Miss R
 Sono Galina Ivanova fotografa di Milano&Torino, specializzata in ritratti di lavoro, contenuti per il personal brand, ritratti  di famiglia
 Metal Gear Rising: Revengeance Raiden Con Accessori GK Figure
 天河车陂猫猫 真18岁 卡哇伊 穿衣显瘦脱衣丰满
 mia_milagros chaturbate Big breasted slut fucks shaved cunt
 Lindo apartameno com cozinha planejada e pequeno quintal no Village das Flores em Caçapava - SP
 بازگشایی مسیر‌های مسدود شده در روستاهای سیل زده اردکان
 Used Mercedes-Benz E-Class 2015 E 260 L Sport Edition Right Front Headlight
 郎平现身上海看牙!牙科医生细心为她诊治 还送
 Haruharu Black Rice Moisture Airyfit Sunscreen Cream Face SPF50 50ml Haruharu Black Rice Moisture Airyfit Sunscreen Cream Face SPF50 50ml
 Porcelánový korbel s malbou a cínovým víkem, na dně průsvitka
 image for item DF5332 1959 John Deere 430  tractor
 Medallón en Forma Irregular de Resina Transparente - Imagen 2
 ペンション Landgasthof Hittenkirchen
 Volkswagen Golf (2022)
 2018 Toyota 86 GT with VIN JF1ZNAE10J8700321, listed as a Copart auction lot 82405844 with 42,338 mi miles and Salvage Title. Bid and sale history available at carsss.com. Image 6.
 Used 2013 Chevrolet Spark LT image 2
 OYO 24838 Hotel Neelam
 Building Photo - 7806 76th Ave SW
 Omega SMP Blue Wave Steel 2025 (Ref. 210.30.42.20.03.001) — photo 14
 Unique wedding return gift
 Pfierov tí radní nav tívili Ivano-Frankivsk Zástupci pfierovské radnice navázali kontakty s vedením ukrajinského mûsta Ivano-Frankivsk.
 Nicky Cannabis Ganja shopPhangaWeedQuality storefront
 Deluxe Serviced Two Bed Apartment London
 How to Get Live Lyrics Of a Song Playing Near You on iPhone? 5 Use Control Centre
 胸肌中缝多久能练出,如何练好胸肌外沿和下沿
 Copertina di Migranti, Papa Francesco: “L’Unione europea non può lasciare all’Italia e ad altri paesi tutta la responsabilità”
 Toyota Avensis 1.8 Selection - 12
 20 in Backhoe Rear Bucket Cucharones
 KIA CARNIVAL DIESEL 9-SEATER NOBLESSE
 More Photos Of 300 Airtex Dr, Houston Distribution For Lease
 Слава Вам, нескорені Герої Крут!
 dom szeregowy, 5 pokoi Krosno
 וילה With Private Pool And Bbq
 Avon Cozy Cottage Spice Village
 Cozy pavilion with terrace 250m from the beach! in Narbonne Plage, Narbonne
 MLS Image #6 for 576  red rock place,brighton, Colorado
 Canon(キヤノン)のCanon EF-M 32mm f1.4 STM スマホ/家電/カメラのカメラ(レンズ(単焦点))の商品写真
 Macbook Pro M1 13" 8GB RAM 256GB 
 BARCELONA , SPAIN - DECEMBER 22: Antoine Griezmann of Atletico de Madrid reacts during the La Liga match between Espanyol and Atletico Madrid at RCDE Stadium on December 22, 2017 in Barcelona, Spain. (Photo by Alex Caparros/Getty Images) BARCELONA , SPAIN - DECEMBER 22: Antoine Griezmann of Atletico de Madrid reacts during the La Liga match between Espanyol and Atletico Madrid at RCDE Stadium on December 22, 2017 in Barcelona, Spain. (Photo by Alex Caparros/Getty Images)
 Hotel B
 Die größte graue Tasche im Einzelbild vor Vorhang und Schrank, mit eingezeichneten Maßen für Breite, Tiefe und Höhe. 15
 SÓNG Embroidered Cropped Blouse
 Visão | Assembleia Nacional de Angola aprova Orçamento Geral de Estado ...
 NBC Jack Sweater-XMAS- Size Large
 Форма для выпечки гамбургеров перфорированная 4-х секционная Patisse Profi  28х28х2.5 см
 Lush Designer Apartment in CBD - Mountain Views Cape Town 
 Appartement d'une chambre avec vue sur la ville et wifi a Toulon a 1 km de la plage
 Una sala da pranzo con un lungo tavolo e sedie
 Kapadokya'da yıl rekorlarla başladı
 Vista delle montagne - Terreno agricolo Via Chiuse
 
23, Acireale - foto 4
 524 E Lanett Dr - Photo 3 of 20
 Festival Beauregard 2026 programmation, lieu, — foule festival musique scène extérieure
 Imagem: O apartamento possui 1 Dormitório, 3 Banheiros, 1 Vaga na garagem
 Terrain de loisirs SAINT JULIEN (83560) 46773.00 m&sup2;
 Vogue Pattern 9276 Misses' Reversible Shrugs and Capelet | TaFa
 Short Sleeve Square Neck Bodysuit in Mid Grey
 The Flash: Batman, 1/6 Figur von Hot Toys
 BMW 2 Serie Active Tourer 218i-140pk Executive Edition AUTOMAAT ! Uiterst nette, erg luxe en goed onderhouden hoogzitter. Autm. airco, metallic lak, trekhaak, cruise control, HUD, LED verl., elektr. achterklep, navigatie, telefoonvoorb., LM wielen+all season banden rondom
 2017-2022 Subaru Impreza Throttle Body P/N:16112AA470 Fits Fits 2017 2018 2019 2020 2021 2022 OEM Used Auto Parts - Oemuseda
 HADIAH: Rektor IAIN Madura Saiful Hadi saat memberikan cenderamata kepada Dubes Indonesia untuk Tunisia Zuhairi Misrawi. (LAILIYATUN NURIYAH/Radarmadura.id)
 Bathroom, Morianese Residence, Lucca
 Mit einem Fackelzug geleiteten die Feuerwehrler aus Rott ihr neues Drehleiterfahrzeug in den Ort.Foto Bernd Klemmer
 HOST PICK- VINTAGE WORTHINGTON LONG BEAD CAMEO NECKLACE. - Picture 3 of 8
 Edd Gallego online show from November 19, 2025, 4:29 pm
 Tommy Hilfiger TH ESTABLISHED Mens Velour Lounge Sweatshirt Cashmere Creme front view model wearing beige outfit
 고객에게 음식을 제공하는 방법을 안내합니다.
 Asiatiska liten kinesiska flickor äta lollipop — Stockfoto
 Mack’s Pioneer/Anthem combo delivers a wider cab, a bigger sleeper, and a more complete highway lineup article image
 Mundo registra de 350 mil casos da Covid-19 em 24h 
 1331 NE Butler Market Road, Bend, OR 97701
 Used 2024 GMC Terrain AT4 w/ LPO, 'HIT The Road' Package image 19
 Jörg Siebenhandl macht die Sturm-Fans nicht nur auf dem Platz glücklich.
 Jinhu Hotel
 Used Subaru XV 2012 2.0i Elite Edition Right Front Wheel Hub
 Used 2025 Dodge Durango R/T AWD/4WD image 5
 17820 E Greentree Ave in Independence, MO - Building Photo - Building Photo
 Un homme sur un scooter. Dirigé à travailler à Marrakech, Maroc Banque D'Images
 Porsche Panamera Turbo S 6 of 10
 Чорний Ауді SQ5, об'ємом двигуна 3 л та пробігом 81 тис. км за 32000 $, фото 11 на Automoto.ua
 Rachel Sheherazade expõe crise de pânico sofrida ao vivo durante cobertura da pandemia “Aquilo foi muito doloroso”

■ ■ ■ ■

TASK BRIEF: Retype exactly the lines of the data above, starting at its first line and finishing with the line that has "image for item" in it.

WRITTEN RESPONSE:
Miss R
 Sono Galina Ivanova fotografa di Milano&Torino, specializzata in ritratti di lavoro, contenuti per il personal brand, ritratti  di famiglia
 Metal Gear Rising: Revengeance Raiden Con Accessori GK Figure
 天河车陂猫猫 真18岁 卡哇伊 穿衣显瘦脱衣丰满
 mia_milagros chaturbate Big breasted slut fucks shaved cunt
 Lindo apartameno com cozinha planejada e pequeno quintal no Village das Flores em Caçapava - SP
 بازگشایی مسیر‌های مسدود شده در روستاهای سیل زده اردکان
 Used Mercedes-Benz E-Class 2015 E 260 L Sport Edition Right Front Headlight
 郎平现身上海看牙!牙科医生细心为她诊治 还送
 Haruharu Black Rice Moisture Airyfit Sunscreen Cream Face SPF50 50ml Haruharu Black Rice Moisture Airyfit Sunscreen Cream Face SPF50 50ml
 Porcelánový korbel s malbou a cínovým víkem, na dně průsvitka
 image for item DF5332 1959 John Deere 430  tractor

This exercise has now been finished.